I had lunch today with two old friends from my volunteer days at the Monterey Bay Aquarium, Barb and Jayne. Among many other things, we talked about memory: how some events that people close to us remember vividly, we remember not at all. Or, alternatively, that common experience of you remembering an event one way, and me remembering it completely differently. (Of course, I'm right.)

That brought to my mind a movie by the Japanese director Akira Kurosawa—a famous movie. Its title just wouldn't come. No, not Kagemusha or Yojimbo, the first names to jump into my head (though both those, from 1980 and 1961, respectively, are also by Kurosawa—he was prolific, and not uncommonly his films were masterpieces). I gave Barb and Jayne a brief synopsis of the movie (as I somewhat vaguely remembered it) and shook off my memory lapse, saying, "The name'll come."

On the drive home, I played that game that perhaps you do too, when you want to summon a word or name: I ran through the alphabet. Round about I my mind started to tingle, but no—not I. (Ikiru, another of Kurosawa's films, was not the name I sought.) As I skipped right past L and arrived at M, a small light bulb went off: wait—does the Japanese word for "gate" occur in the title?

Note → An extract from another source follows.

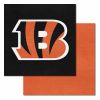 NFL - Cleveland Browns 18"x18" Carpet Tiles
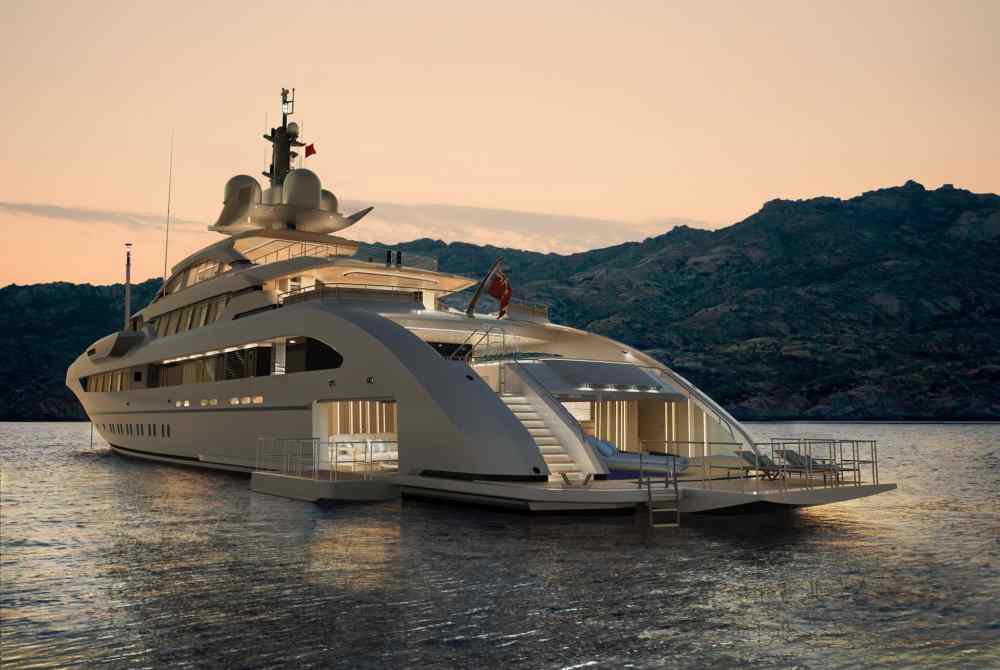 super yacht virtual tour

What's that word? Oh, mon, yes. One word; the title is a single word—something-mon. Onward I skimmed, and then slammed on the brakes at R: of course! Rashomon! 

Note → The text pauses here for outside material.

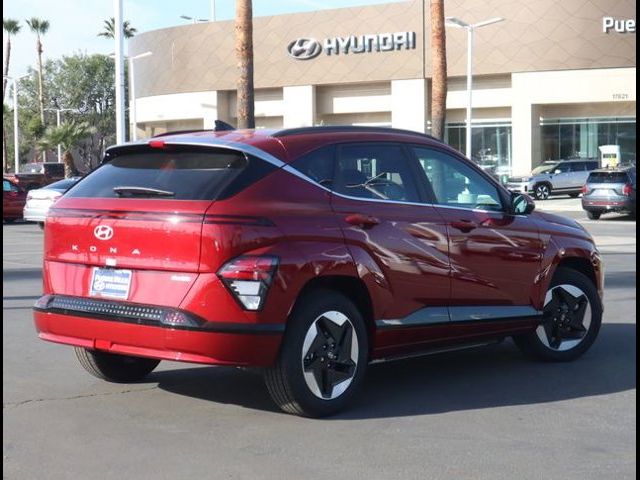 2025 Hyundai Kona Electric Limited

Starring a thirty-year-old Toshiro Mifune and surprise winner of the 1951 Venice Film Festival's Golden Lion Award, Rashomon (1950) falls in the popular category of jidaigeki (時代劇), or period drama, a genre that usually focuses on the Edo period (1603–1868) and tells the stories of samurai, farmers, craftsmen, merchants, and other ordinary people. The Seven Samurai is an infinitely (and internationally) remade example of jidaigeki.

I was happy to be reminded of Rashomon. It is excellent storytelling, with an interesting structure: a framing story in which three men sit out a rainstorm beneath the huge city gate, recounting an incident involving rape and murder that occurred three days previously; scenes from the intervening trial follow, which includes the testimony of the dead man (via a medium). None of the four basic accounts of the incident agrees in its details or the supposed motivations, with ego, honor, and fickle memory obscuring the facts. What is the objective truth? Is it even humanly accessible?

I wonder if I'm ready for a Kurosawa binge via Netflix. I can think of worse uses of my time.